2026-07-17
Background Removal Update — Keeping Dark Capes and Detail on Dark Backgrounds
There's one case that trips up AI background removal more than any other: a dark subject on a dark background. A deep-red cape draped over a black backdrop, an armor edge that fades into shadow. You can clearly see it, but the segmentation model reads these low-contrast areas as background and erases them along with the character. This update tackles that head-on — and improves the editor you use to touch up the result.
Recovering detail that used to vanish into dark backgrounds
When the background is a single flat colour — pure black, an even grey — we no longer rely on the AI model alone; we key the background out by colour. Flooding inward from the edges, we remove only the region connected to the backdrop colour, and whatever is left inside — a cape that touches the background but isn't the background colour — is brought back at full, solid opacity instead of a faded, semi-transparent ghost. Where a dark cape used to show through in vertical streaks, it now stays as one whole piece. Small stray specks floating in the background are cleaned up automatically, as long as they're detached from the character. This only kicks in on solid backgrounds, so photographic or busy backdrops are left untouched.
Dial in how much gets removed
Different backgrounds need a different strength. A pure-black backdrop calls for a gentle touch to protect the cape; a slightly mottled grey background needs a firmer hand to strip its texture. So the "Character detail protection" slider now controls exactly that — slide toward "Preserve detail" to remove gently and keep more dark detail, or toward "Clean edges" to strip the background more aggressively. Change the value and hit "Apply settings" to reprocess instantly.
Tools to touch up by hand — restore, erase, wand
For when the automatic result isn't perfect, the "Edit" view gives you three brushes. The wand erases a connected patch of similar colour in one click — handy for leftover background. The restore brush paints missing areas back in, pulling them from the original image. New in this update, the eraser does the opposite: it wipes away wherever you paint, by hand — great for cleaning up the small bits the wand misses. Brush size and undo (Ctrl+Z) work across all of them.
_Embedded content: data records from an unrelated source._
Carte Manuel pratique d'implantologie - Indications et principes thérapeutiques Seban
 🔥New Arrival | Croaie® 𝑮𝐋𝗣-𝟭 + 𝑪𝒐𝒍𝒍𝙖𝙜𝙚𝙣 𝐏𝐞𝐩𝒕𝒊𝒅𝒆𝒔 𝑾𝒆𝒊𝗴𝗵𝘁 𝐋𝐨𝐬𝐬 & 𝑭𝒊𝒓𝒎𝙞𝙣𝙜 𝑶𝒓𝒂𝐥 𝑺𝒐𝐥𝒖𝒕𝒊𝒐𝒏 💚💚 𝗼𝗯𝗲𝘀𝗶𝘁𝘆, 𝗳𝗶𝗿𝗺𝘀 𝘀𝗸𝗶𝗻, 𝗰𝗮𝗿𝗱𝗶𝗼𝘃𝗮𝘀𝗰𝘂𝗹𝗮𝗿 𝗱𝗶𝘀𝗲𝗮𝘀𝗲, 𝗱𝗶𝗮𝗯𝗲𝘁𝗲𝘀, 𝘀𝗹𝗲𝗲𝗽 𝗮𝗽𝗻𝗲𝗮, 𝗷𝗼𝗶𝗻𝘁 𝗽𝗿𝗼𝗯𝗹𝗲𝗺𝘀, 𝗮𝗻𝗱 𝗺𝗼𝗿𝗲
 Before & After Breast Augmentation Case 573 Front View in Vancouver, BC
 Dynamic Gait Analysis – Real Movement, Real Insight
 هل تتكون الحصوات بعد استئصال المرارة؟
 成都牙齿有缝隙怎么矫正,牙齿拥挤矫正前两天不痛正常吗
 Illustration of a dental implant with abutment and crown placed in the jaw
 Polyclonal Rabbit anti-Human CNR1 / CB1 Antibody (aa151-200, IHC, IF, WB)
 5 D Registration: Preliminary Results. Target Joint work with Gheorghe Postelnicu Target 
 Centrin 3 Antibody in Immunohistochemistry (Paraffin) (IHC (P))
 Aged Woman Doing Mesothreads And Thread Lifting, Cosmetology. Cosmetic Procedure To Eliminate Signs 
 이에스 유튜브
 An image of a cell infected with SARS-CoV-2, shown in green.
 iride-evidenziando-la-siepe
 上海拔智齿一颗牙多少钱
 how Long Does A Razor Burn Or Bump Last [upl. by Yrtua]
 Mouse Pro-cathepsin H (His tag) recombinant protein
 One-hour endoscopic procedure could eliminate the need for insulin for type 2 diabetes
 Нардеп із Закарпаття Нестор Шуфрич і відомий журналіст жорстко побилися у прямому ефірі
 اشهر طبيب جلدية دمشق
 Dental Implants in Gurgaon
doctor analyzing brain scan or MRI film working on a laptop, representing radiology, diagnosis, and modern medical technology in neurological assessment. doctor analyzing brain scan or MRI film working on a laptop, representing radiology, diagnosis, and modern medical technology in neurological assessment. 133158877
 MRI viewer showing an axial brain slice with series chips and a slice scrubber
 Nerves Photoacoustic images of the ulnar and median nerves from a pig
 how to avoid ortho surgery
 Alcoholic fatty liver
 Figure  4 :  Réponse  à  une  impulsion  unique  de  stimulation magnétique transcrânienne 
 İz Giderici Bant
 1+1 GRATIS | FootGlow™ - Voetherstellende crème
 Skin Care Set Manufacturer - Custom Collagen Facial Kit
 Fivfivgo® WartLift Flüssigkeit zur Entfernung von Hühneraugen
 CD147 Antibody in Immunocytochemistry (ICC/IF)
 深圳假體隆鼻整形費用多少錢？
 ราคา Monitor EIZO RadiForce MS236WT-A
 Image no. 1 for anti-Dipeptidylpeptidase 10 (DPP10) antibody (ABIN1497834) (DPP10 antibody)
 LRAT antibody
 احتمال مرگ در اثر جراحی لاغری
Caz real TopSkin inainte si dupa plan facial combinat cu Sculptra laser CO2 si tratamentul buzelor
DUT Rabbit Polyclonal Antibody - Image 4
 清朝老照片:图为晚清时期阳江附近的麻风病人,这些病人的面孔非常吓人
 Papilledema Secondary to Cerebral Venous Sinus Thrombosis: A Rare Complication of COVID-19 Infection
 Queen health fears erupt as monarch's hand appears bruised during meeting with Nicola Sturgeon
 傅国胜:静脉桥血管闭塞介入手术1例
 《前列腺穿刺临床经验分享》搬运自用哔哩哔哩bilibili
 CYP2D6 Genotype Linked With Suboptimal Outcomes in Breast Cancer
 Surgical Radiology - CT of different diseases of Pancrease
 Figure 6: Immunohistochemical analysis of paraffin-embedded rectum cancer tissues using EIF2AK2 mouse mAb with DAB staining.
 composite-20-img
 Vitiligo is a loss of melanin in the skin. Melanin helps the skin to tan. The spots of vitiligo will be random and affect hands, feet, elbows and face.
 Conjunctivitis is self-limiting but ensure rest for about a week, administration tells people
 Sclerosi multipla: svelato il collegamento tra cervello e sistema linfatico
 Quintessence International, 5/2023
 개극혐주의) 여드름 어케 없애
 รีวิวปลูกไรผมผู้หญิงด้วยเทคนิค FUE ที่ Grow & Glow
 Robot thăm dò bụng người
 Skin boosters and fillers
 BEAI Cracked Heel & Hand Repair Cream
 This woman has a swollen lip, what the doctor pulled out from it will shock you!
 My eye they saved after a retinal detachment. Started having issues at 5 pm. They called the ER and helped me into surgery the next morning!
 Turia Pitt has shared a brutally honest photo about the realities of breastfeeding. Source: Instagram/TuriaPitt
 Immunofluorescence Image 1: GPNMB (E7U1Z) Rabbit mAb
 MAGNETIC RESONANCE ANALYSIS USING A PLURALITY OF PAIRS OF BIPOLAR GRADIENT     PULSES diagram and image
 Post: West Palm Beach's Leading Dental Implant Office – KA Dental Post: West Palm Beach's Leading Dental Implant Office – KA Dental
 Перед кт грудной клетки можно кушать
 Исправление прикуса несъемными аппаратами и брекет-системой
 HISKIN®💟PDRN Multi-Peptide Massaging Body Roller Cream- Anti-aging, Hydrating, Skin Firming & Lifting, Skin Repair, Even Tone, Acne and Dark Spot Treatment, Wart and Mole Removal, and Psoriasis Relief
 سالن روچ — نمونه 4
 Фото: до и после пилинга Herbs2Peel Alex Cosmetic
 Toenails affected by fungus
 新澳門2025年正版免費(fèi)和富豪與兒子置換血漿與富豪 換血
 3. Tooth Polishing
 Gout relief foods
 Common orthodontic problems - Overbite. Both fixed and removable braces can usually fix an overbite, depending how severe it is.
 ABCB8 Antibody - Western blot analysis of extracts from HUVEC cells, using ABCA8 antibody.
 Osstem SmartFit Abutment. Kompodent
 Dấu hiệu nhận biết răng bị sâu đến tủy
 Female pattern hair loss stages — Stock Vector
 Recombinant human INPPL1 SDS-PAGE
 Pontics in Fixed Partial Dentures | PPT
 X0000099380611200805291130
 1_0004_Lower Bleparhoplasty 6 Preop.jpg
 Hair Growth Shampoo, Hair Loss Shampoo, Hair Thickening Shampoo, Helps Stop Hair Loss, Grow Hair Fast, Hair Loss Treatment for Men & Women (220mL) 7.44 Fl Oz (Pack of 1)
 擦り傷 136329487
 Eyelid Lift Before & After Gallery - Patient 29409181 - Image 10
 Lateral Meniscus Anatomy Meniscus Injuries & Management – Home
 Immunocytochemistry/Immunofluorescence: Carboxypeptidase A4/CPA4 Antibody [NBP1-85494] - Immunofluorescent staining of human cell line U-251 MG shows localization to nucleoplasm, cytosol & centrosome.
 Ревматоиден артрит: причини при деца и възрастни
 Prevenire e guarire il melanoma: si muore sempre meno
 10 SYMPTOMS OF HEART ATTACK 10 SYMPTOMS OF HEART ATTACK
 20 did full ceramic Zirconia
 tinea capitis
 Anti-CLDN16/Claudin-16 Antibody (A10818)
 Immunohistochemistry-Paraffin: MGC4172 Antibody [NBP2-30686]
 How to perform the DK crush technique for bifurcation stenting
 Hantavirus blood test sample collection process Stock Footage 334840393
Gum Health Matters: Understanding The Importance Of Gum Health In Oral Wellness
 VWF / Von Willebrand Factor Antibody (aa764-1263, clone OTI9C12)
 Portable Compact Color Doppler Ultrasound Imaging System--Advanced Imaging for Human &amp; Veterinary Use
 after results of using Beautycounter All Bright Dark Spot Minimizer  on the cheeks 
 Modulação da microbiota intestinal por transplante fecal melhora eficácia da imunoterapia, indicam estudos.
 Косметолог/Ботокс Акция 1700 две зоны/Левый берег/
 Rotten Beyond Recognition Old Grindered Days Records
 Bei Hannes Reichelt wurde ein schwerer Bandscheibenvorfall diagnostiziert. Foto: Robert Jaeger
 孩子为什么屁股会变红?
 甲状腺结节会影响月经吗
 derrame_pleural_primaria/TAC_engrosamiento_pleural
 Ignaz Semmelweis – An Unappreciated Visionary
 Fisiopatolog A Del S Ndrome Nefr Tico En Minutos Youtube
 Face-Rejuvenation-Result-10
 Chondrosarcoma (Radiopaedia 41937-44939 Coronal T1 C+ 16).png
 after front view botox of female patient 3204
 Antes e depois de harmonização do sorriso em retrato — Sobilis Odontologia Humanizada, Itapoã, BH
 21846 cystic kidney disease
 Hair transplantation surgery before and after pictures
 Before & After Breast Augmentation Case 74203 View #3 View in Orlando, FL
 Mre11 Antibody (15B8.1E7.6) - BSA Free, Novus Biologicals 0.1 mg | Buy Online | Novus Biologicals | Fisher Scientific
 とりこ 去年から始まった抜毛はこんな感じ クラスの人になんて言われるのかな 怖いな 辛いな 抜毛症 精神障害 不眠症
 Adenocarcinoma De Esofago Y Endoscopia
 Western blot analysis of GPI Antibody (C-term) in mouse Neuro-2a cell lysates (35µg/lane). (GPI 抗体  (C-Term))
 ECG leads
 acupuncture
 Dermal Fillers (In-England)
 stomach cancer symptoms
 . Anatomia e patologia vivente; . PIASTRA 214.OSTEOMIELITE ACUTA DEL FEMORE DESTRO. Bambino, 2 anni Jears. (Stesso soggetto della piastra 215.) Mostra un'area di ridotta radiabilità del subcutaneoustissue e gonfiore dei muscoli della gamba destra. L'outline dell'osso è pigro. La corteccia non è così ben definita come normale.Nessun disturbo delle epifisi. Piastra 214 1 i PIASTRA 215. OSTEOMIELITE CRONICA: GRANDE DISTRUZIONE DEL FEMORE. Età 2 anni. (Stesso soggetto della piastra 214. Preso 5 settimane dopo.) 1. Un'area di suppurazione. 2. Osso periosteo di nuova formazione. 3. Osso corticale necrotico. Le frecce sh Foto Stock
Background colours, zoom, and other conveniences
Top-left of the editor, a set of swatches switches the transparency checkerboard colour — beyond the default grey, try green, blue, or purple to see how a dark character reads against different backings. When you click a preview to enlarge it, the top-right buttons or your mouse wheel zoom in and out, and you can drag to inspect details up close. The button that opens the editor was also reworked so it's clear at a glance what it does.
Get started
Background removal runs in your browser and is free. Upload an image on the "Background removal" tab in the workspace and you'll get the automatic cutout right away; use the "Edit" button to refine it with the tools above. If you have an image where a dark character or cape used to defeat background removal, give it another try.